“I do not know if you realize the ultimate significance of what you’re doing. I haven’t seen anything like it. I’ve been involved in quite a few civil rights activities in my life, but I haven’t seen anything, anywhere, comparable to this. You would, of course, expect the victims of oppression to sacrifice, to take the hot sun, to take the rain, to sleep at night in the open and cold air, to expose their health, to do everything possible to remove the yoke of oppression and injustice. But you do not expect people born of privilege to undergo this harsh treatment. This is one of the things I think will help to redeem this country.”

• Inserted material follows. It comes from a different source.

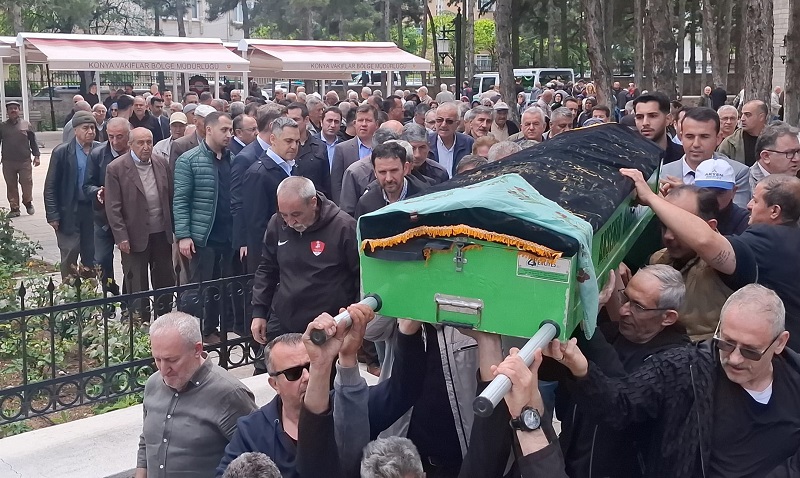 İzmir'de öldürülen kadın Konya'da toprağa verildi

– Samuel DuBois Cook, professor of political science and Duke’s first African American faculty member, addressing a crowd in front of Duke Chapel during the “Silent Vigil,” April 10, 1968
Samuel DuBois Cook had just returned from the funeral of Dr. Martin Luther King, Jr., to find his campus—like much of the country—in mourning and embroiled in protest.
The day after King’s assassination, students sought to memorialize the civil rights leader by bringing about changes to Duke’s policies. More than 350 of them marched on the home of President Douglas M. Knight—who was then recovering from a bout of hepatitis—and presented him with a list of demands, chief among them being higher wages for the university’s predominantly African American non-academic employees.
The students occupied Knight’s residence until the following morning, when they learned he had been isolated by his doctors. At that point the protestors moved to the West Campus quad, where they remained encamped in silent support of Duke’s employees, now on strike, for the next four days. Nearly 1,500 Duke students would participate in the massive demonstration, waiting in the rain in front of Duke Chapel until their demands were eventually met.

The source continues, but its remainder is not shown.